From time to time we hear from teachers and librarians who are concerned that their book labels are incorrect, finding big books alongside picture books on their shelves and vice versa because their book levels seem unusually low or high for a book of that size. This occurs because the book level is determined by the ATOS formula, which is a measure of text complexity and is not affected by the length of a book. Some examples of commonly cited books illustrate how this occurs.
Little books with high book levels
Mr Greedy, the second book in Roger Hargreaves’ Mr Men series, has a book level of 4.4. By way of comparison, this is the same level as two of Malorie Blackman’s Noughts and Crosses books (and greater than the other two). It may seem strange to find these books sitting side by side sharing a book level, but a closer look at the text reveals a similar complexity of vocabulary and sentence length.

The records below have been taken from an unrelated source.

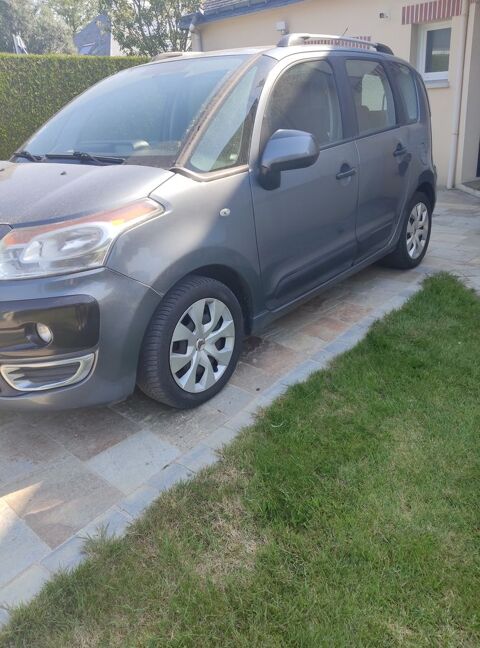 Citroën C3 Picasso HDi 90 FAP Attraction 2011 occasion Grand-Champ 56390
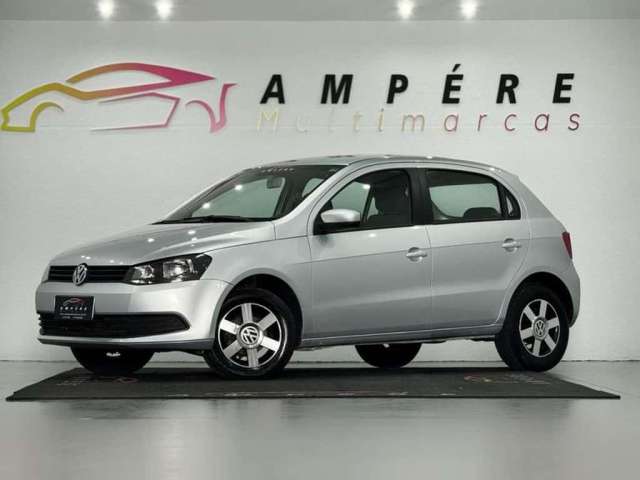 VOLKSWAGEN NOVO GOL 1.0 CITY 2014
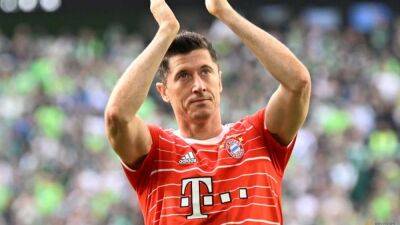 Lewandowski credits Xavi for 'easy' decision on Barcelona move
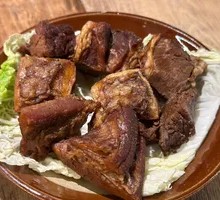 Braised Beef in Fragrant Sauce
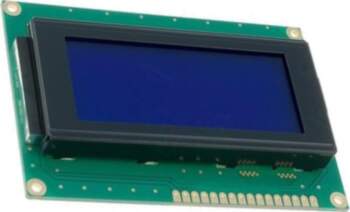 RAYSTAR OPTRONICS Display: LCD; alphanumeric; STN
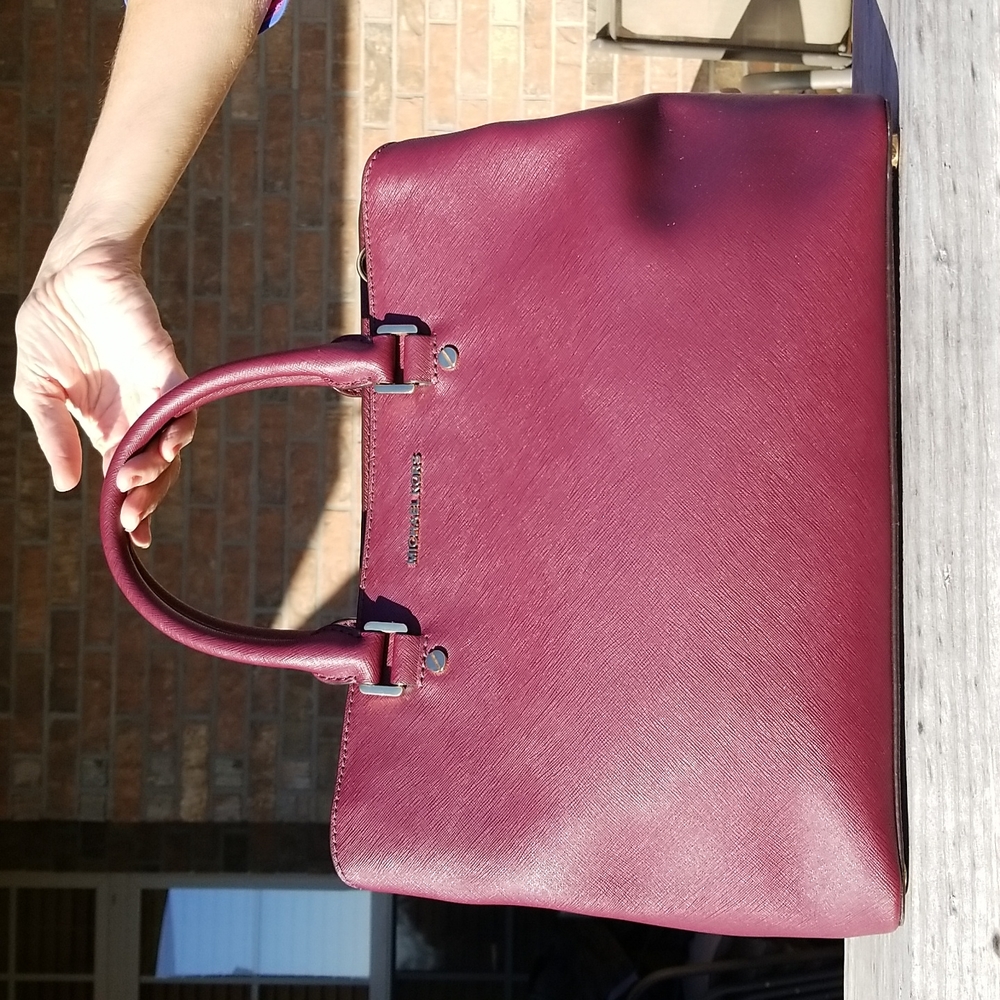 Michael Kors satchel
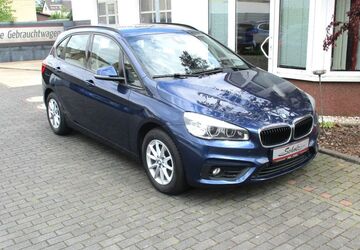 BMW 218 Active Tourer 82.000 km 13.490 &euro; Bennewitz 04828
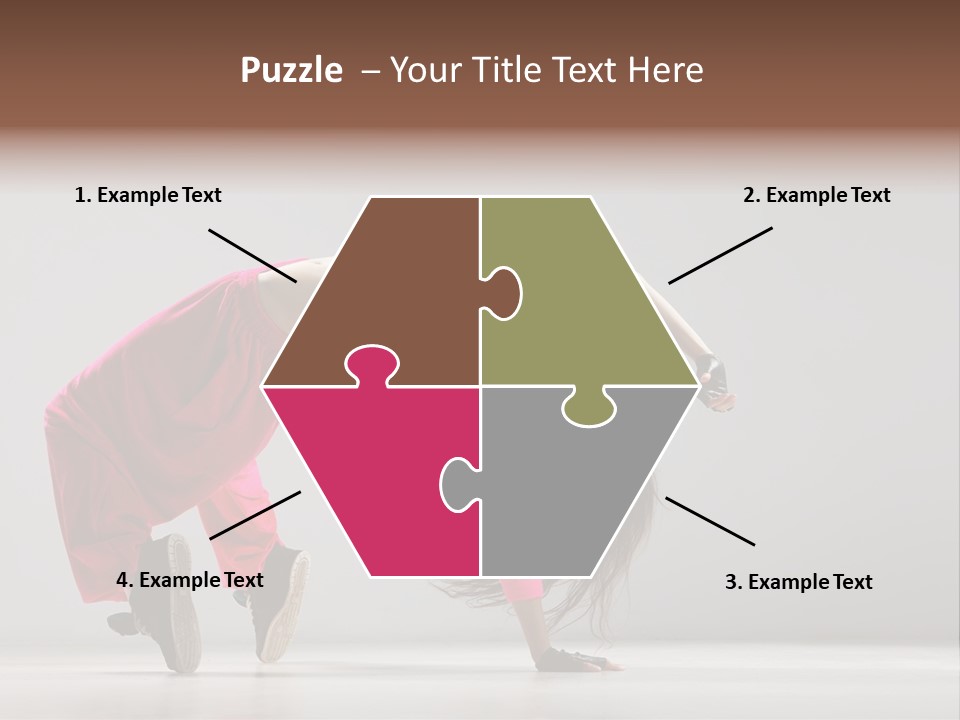 Background Buy Celebration PowerPoint Template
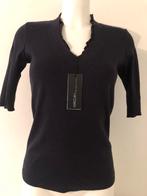 Marccain shirt mt N3 (36-38), Maat 38/40 (M), Zo goed als nieuw, Korte mouw, Marccain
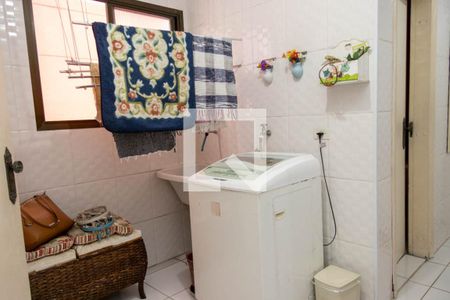 Apartamento à venda com 205m², 4 quartos e 3 vagasÁrea de Serviço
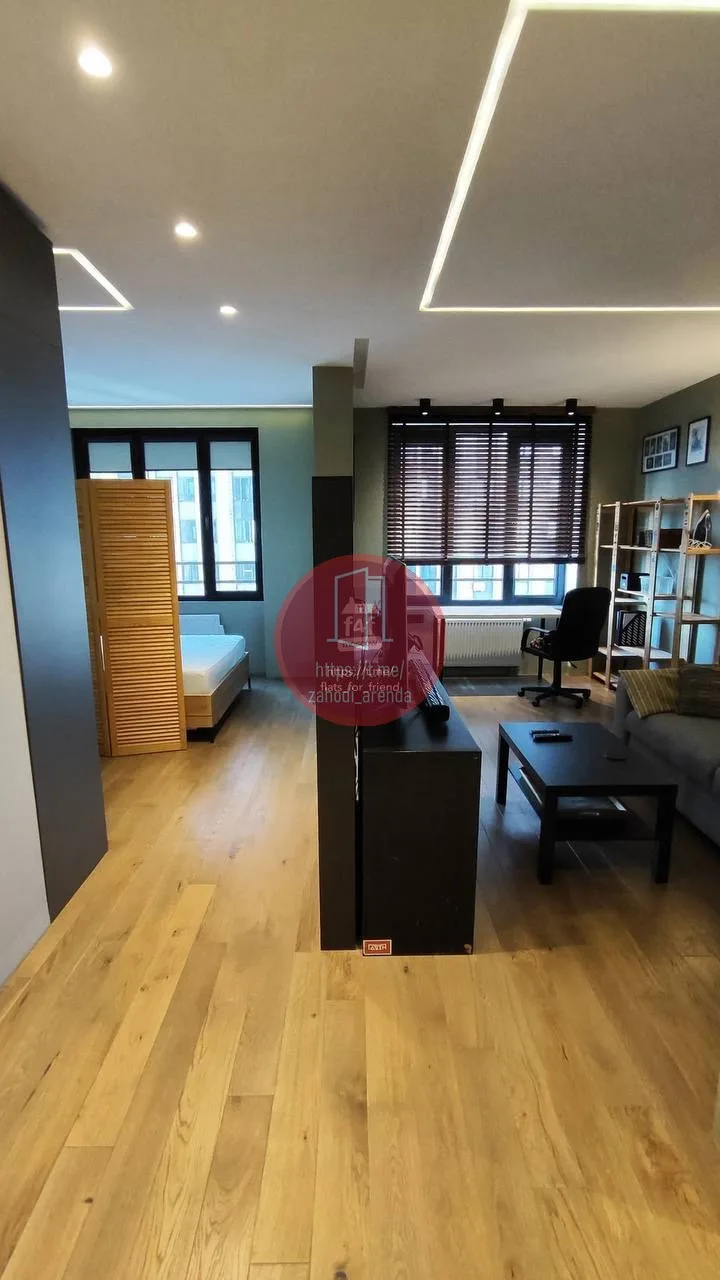 Студия, 40 м², м. Дмитровская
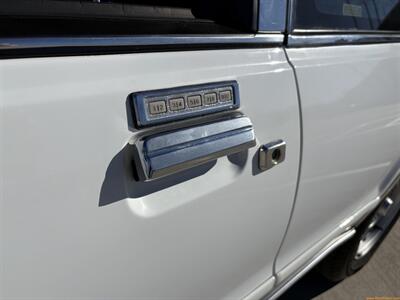 1989 Lincoln Mark VII LSC   - Photo 26 - Statesville, NC 28677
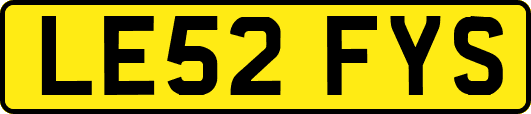 LE52FYS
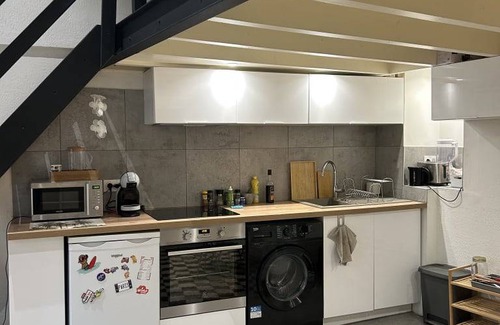 Bellecour - Hotel Dieu Apartment | 40 m² Apartment ∙ 1 bedroom ∙ 2 guests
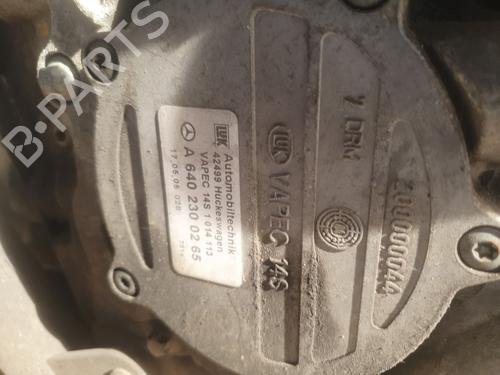 Engine MERCEDES-BENZ A-CLASS (W169) A 160 CDI (169.006, 169.306) | BP24408211M1  - Image 12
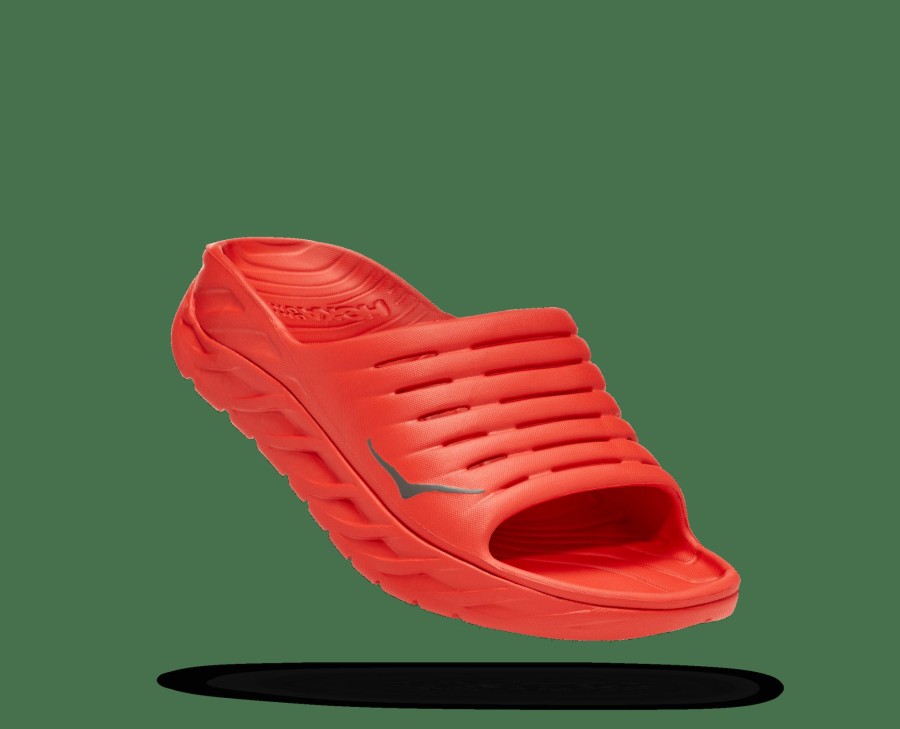 Women * | Promotion Ora Recovery Slide Fiesta Castlerock Unisex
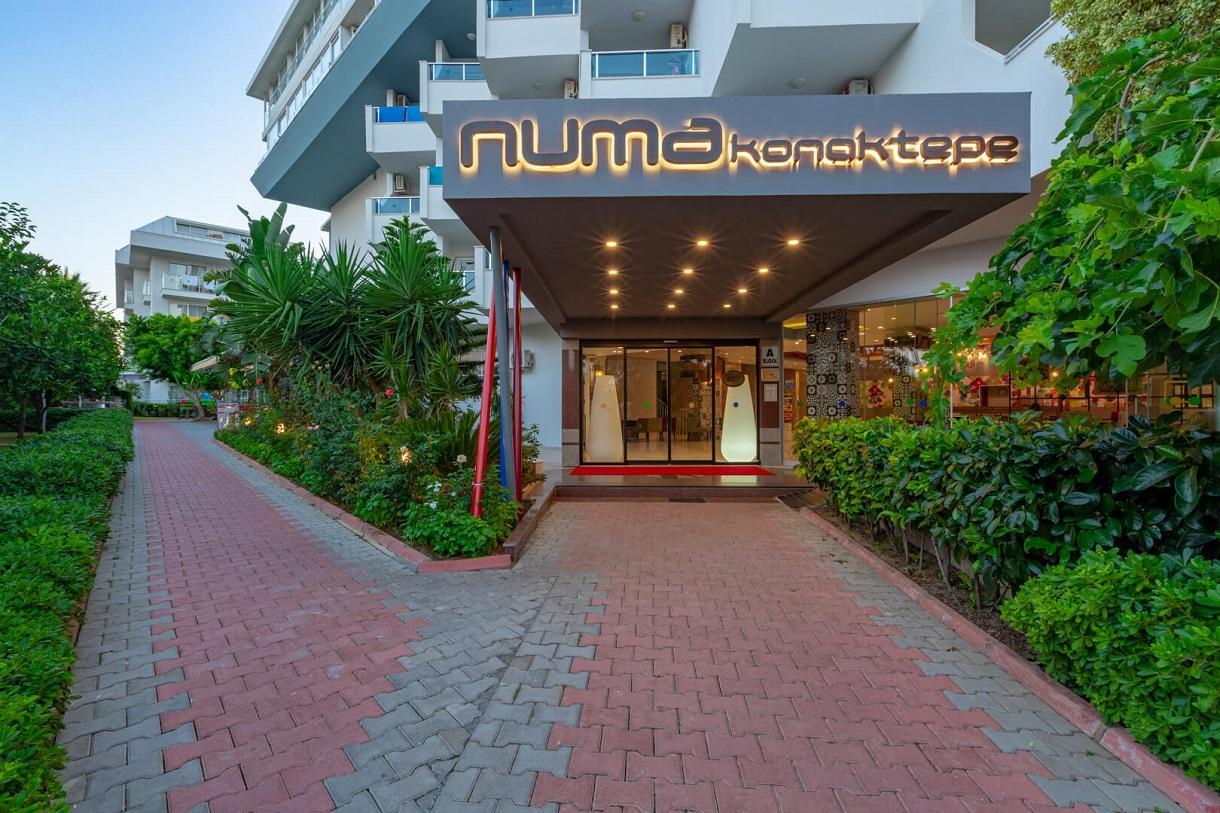Numa Konaktepe Hotel1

Part of the charm of the Mr Men books is Roger Hargreaves’ creative use of slightly unusual words and his habit of stringing them together in long sentences. For these reasons, Mr Greedy is found to be more complex than an average picture book, as this passage shows:
Over on the other side of the table stood the source of that delicious smell. A huge enormous gigantic colossal plate, and on the plate huge enormous gigantic colossal sausages the size of pillows, and huge enormous gigantic colossal potatoes the size of beach balls, and huge enormous gigantic colossal peas the size of cabbages.
Big books with low book levels
The opposite is also true: bigger books can be written with simple language and thus have a low book level. Two commonly identified examples are Blood Red Road and Rebel Heart by Moira Young. These titles have book levels of 2.9 and 2.8 respectively, giving them similar levels to many picture books, like David McKee’s Elmer series. Moira Young’s books are written with very simple language, using stylised grammar and short sentences. This excerpt from Blood Red Road illustrates this clearly:
A sound. I’m awake. Right away. Muscles tense. Ready to move. Nero opens one eye. I hold a finger to my lips. He knows what that means.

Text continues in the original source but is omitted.